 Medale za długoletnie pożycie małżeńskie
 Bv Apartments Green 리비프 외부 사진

* * *

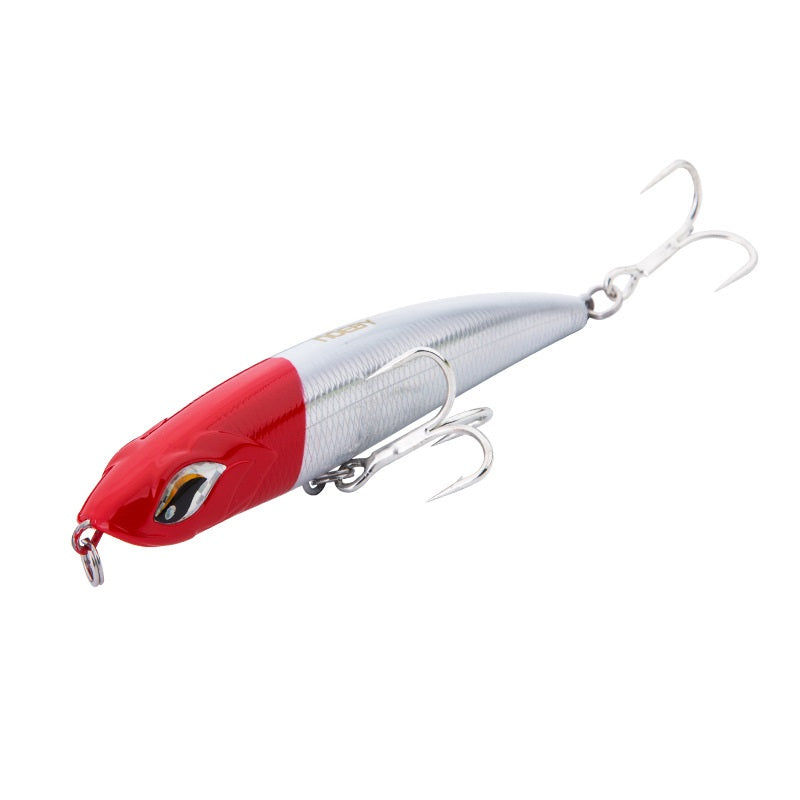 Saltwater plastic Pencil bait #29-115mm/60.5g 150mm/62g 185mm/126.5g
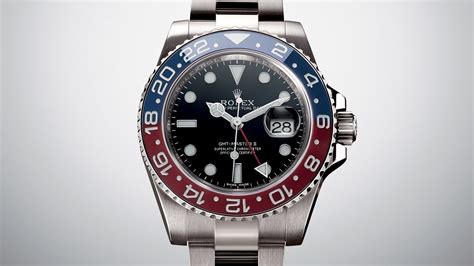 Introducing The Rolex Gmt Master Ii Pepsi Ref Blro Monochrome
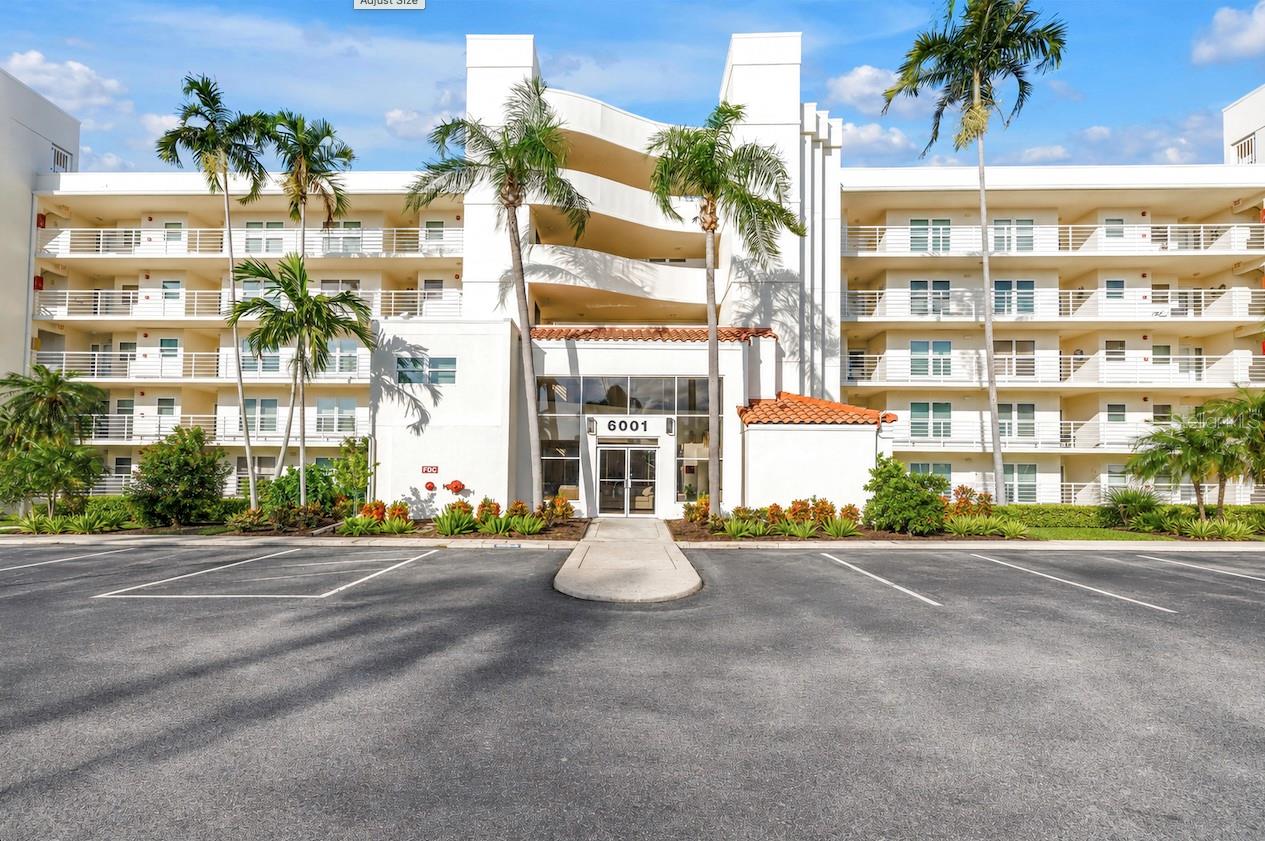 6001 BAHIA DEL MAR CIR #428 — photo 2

Required action
Everything between and including the line above containing "Saltwater plastic Pencil" and the line containing "6001 BAHIA DEL MAR CIR #428 — photo 2" should be reproduced exactly, with pictures excluded.

Completed exercise
 Saltwater plastic Pencil bait #29-115mm/60.5g 150mm/62g 185mm/126.5g
 Introducing The Rolex Gmt Master Ii Pepsi Ref Blro Monochrome
 6001 BAHIA DEL MAR CIR #428 — photo 2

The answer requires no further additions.